I have just read your review of Emagic's Sound Diver editor/librarian software in this month's edition of Sound On Sound — twice, mainly because it makes far more sense than the manual that comes with the program.
I have set up said program with all instruments loaded and libraries saved for them, but I cannot get Logic (Platinum) to talk to it. Do you need to have multi‑instruments in the Environment already for each instrument? If so, why? I thought Sound Diver was meant to do all of this. I have tried adding multis, then loading up Sound Diver, which brings up several "Sound Diver Nord Lead, etc" icons, but why are there now two icons — one for the standard Environment Multi and one for the Sound Diver register?
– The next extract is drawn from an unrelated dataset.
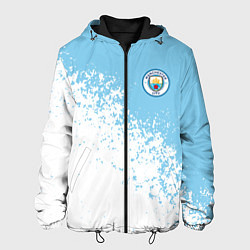 Куртка с капюшоном мужская Manchester city белые брызги на голубом фоне, цвет: 3D-черный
I can't be the only one pulling my hair out!
Peter Lawford
Editor Paul White replies: Before I started to use Sound Diver, I'd already set up my Environment with multi‑instruments, as I'd been working without Sound Diver for years. Then, when Sound Diver is unleashed, it is able to suck the actual patch names out of the modules; these names may be different to the ones typed into your multi‑instruments — if you typed any in. If starting from scratch, I'd be inclined to create all the necessary multi‑instruments first in Logic, but not bother about patch names. Just tell Logic what ports and channels your instruments are on. Then set up Sound Diver, use it to get your patches, and do an 'update patch names using Sound Diver' operation to update your Environment object. When you've done this, save as a default song.